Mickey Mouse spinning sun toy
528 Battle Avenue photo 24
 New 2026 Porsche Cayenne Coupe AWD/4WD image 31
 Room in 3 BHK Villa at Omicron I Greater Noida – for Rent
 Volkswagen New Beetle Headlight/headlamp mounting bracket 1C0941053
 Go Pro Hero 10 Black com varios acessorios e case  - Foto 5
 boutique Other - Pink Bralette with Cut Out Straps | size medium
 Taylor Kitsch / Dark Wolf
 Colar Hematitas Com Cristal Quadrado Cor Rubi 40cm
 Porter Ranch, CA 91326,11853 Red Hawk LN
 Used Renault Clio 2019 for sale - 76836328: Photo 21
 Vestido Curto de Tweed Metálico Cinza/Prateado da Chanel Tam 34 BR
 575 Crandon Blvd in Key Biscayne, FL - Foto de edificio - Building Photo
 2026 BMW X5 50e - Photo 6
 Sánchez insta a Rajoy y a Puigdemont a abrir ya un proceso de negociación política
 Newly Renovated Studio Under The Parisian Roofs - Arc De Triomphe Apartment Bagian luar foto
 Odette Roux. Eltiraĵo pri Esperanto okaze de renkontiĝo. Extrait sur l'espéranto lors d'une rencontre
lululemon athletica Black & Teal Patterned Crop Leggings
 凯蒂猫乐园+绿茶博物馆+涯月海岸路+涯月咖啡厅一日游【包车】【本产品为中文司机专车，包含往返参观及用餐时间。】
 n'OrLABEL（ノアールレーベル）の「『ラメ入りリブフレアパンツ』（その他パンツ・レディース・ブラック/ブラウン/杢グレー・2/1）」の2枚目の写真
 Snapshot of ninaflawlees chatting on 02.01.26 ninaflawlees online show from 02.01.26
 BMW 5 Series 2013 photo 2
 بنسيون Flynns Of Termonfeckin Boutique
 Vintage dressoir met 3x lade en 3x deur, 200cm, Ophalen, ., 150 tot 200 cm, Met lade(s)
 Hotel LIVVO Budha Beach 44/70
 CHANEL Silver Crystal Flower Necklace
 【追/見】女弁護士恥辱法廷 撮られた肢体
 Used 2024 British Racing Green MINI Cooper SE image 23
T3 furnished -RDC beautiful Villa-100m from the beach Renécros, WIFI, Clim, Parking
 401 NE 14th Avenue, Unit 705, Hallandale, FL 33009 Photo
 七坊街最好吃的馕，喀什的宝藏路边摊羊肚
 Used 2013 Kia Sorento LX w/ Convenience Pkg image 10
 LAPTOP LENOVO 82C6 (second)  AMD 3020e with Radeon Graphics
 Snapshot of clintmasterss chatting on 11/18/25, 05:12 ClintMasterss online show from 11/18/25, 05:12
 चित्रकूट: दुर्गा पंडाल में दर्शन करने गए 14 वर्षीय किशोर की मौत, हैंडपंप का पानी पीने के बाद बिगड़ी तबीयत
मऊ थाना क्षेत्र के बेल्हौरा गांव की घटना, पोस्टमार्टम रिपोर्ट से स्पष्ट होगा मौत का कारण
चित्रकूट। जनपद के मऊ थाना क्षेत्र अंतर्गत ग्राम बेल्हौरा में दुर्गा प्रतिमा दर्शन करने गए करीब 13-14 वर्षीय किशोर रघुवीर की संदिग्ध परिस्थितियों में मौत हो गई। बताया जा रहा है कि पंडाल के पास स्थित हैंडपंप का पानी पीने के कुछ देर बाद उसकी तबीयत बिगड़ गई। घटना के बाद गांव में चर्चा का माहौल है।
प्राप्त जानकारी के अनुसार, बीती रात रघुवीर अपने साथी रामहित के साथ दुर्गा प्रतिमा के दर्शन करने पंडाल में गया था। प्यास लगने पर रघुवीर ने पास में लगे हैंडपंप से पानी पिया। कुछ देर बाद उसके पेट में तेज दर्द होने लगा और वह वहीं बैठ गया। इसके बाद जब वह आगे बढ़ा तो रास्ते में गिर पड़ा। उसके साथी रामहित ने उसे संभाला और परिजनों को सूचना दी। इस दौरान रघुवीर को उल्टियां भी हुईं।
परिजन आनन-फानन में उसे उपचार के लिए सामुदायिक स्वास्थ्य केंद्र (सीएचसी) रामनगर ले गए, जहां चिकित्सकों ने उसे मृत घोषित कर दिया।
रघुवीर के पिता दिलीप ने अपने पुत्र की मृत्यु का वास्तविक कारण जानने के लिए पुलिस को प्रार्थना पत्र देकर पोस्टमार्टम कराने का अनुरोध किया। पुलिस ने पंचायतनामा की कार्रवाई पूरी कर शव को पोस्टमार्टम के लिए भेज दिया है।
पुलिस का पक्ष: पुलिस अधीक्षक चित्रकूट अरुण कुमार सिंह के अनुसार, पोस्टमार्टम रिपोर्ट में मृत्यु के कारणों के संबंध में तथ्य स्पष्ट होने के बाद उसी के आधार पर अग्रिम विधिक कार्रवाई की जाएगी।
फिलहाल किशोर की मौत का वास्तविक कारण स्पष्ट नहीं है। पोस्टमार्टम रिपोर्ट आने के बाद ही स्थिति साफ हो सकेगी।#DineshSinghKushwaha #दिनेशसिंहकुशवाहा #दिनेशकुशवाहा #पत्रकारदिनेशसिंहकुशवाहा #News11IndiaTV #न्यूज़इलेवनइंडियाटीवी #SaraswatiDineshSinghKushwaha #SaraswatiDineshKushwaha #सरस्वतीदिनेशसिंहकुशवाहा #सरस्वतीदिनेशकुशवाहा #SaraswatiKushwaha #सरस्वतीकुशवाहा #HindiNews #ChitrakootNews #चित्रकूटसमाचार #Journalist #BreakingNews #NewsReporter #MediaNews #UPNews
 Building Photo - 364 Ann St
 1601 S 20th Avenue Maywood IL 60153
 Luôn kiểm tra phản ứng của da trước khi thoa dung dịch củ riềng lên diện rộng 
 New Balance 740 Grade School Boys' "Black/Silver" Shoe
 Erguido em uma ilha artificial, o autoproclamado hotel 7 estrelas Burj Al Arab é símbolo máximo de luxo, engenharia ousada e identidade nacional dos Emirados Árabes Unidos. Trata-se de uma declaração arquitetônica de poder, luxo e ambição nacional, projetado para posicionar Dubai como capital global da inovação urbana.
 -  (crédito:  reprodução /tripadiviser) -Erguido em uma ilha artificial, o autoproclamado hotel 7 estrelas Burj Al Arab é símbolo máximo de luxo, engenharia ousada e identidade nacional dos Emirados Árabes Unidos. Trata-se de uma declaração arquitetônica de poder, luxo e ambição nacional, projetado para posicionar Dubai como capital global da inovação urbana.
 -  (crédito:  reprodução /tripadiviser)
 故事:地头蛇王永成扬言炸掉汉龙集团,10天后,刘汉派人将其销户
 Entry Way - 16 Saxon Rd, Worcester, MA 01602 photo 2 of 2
++++++++
◆ **Task to carry out**
Everything in the data above is to be given again, unchanged.

◆ **Exercise response**
Mickey Mouse spinning sun toy
528 Battle Avenue photo 24
 New 2026 Porsche Cayenne Coupe AWD/4WD image 31
 Room in 3 BHK Villa at Omicron I Greater Noida – for Rent
 Volkswagen New Beetle Headlight/headlamp mounting bracket 1C0941053
 Go Pro Hero 10 Black com varios acessorios e case  - Foto 5
 boutique Other - Pink Bralette with Cut Out Straps | size medium
 Taylor Kitsch / Dark Wolf
 Colar Hematitas Com Cristal Quadrado Cor Rubi 40cm
 Porter Ranch, CA 91326,11853 Red Hawk LN
 Used Renault Clio 2019 for sale - 76836328: Photo 21
 Vestido Curto de Tweed Metálico Cinza/Prateado da Chanel Tam 34 BR
 575 Crandon Blvd in Key Biscayne, FL - Foto de edificio - Building Photo
 2026 BMW X5 50e - Photo 6
 Sánchez insta a Rajoy y a Puigdemont a abrir ya un proceso de negociación política
 Newly Renovated Studio Under The Parisian Roofs - Arc De Triomphe Apartment Bagian luar foto
 Odette Roux. Eltiraĵo pri Esperanto okaze de renkontiĝo. Extrait sur l'espéranto lors d'une rencontre
lululemon athletica Black & Teal Patterned Crop Leggings
 凯蒂猫乐园+绿茶博物馆+涯月海岸路+涯月咖啡厅一日游【包车】【本产品为中文司机专车，包含往返参观及用餐时间。】
 n'OrLABEL（ノアールレーベル）の「『ラメ入りリブフレアパンツ』（その他パンツ・レディース・ブラック/ブラウン/杢グレー・2/1）」の2枚目の写真
 Snapshot of ninaflawlees chatting on 02.01.26 ninaflawlees online show from 02.01.26
 BMW 5 Series 2013 photo 2
 بنسيون Flynns Of Termonfeckin Boutique
 Vintage dressoir met 3x lade en 3x deur, 200cm, Ophalen, ., 150 tot 200 cm, Met lade(s)
 Hotel LIVVO Budha Beach 44/70
 CHANEL Silver Crystal Flower Necklace
 【追/見】女弁護士恥辱法廷 撮られた肢体
 Used 2024 British Racing Green MINI Cooper SE image 23
T3 furnished -RDC beautiful Villa-100m from the beach Renécros, WIFI, Clim, Parking
 401 NE 14th Avenue, Unit 705, Hallandale, FL 33009 Photo
 七坊街最好吃的馕，喀什的宝藏路边摊羊肚
 Used 2013 Kia Sorento LX w/ Convenience Pkg image 10
 LAPTOP LENOVO 82C6 (second)  AMD 3020e with Radeon Graphics
 Snapshot of clintmasterss chatting on 11/18/25, 05:12 ClintMasterss online show from 11/18/25, 05:12
 चित्रकूट: दुर्गा पंडाल में दर्शन करने गए 14 वर्षीय किशोर की मौत, हैंडपंप का पानी पीने के बाद बिगड़ी तबीयत
मऊ थाना क्षेत्र के बेल्हौरा गांव की घटना, पोस्टमार्टम रिपोर्ट से स्पष्ट होगा मौत का कारण
चित्रकूट। जनपद के मऊ थाना क्षेत्र अंतर्गत ग्राम बेल्हौरा में दुर्गा प्रतिमा दर्शन करने गए करीब 13-14 वर्षीय किशोर रघुवीर की संदिग्ध परिस्थितियों में मौत हो गई। बताया जा रहा है कि पंडाल के पास स्थित हैंडपंप का पानी पीने के कुछ देर बाद उसकी तबीयत बिगड़ गई। घटना के बाद गांव में चर्चा का माहौल है।
प्राप्त जानकारी के अनुसार, बीती रात रघुवीर अपने साथी रामहित के साथ दुर्गा प्रतिमा के दर्शन करने पंडाल में गया था। प्यास लगने पर रघुवीर ने पास में लगे हैंडपंप से पानी पिया। कुछ देर बाद उसके पेट में तेज दर्द होने लगा और वह वहीं बैठ गया। इसके बाद जब वह आगे बढ़ा तो रास्ते में गिर पड़ा। उसके साथी रामहित ने उसे संभाला और परिजनों को सूचना दी। इस दौरान रघुवीर को उल्टियां भी हुईं।
परिजन आनन-फानन में उसे उपचार के लिए सामुदायिक स्वास्थ्य केंद्र (सीएचसी) रामनगर ले गए, जहां चिकित्सकों ने उसे मृत घोषित कर दिया।
रघुवीर के पिता दिलीप ने अपने पुत्र की मृत्यु का वास्तविक कारण जानने के लिए पुलिस को प्रार्थना पत्र देकर पोस्टमार्टम कराने का अनुरोध किया। पुलिस ने पंचायतनामा की कार्रवाई पूरी कर शव को पोस्टमार्टम के लिए भेज दिया है।
पुलिस का पक्ष: पुलिस अधीक्षक चित्रकूट अरुण कुमार सिंह के अनुसार, पोस्टमार्टम रिपोर्ट में मृत्यु के कारणों के संबंध में तथ्य स्पष्ट होने के बाद उसी के आधार पर अग्रिम विधिक कार्रवाई की जाएगी।
फिलहाल किशोर की मौत का वास्तविक कारण स्पष्ट नहीं है। पोस्टमार्टम रिपोर्ट आने के बाद ही स्थिति साफ हो सकेगी।#DineshSinghKushwaha #दिनेशसिंहकुशवाहा #दिनेशकुशवाहा #पत्रकारदिनेशसिंहकुशवाहा #News11IndiaTV #न्यूज़इलेवनइंडियाटीवी #SaraswatiDineshSinghKushwaha #SaraswatiDineshKushwaha #सरस्वतीदिनेशसिंहकुशवाहा #सरस्वतीदिनेशकुशवाहा #SaraswatiKushwaha #सरस्वतीकुशवाहा #HindiNews #ChitrakootNews #चित्रकूटसमाचार #Journalist #BreakingNews #NewsReporter #MediaNews #UPNews
 Building Photo - 364 Ann St
 1601 S 20th Avenue Maywood IL 60153
 Luôn kiểm tra phản ứng của da trước khi thoa dung dịch củ riềng lên diện rộng 
 New Balance 740 Grade School Boys' "Black/Silver" Shoe
 Erguido em uma ilha artificial, o autoproclamado hotel 7 estrelas Burj Al Arab é símbolo máximo de luxo, engenharia ousada e identidade nacional dos Emirados Árabes Unidos. Trata-se de uma declaração arquitetônica de poder, luxo e ambição nacional, projetado para posicionar Dubai como capital global da inovação urbana.
 -  (crédito:  reprodução /tripadiviser) -Erguido em uma ilha artificial, o autoproclamado hotel 7 estrelas Burj Al Arab é símbolo máximo de luxo, engenharia ousada e identidade nacional dos Emirados Árabes Unidos. Trata-se de uma declaração arquitetônica de poder, luxo e ambição nacional, projetado para posicionar Dubai como capital global da inovação urbana.
 -  (crédito:  reprodução /tripadiviser)
 故事:地头蛇王永成扬言炸掉汉龙集团,10天后,刘汉派人将其销户
 Entry Way - 16 Saxon Rd, Worcester, MA 01602 photo 2 of 2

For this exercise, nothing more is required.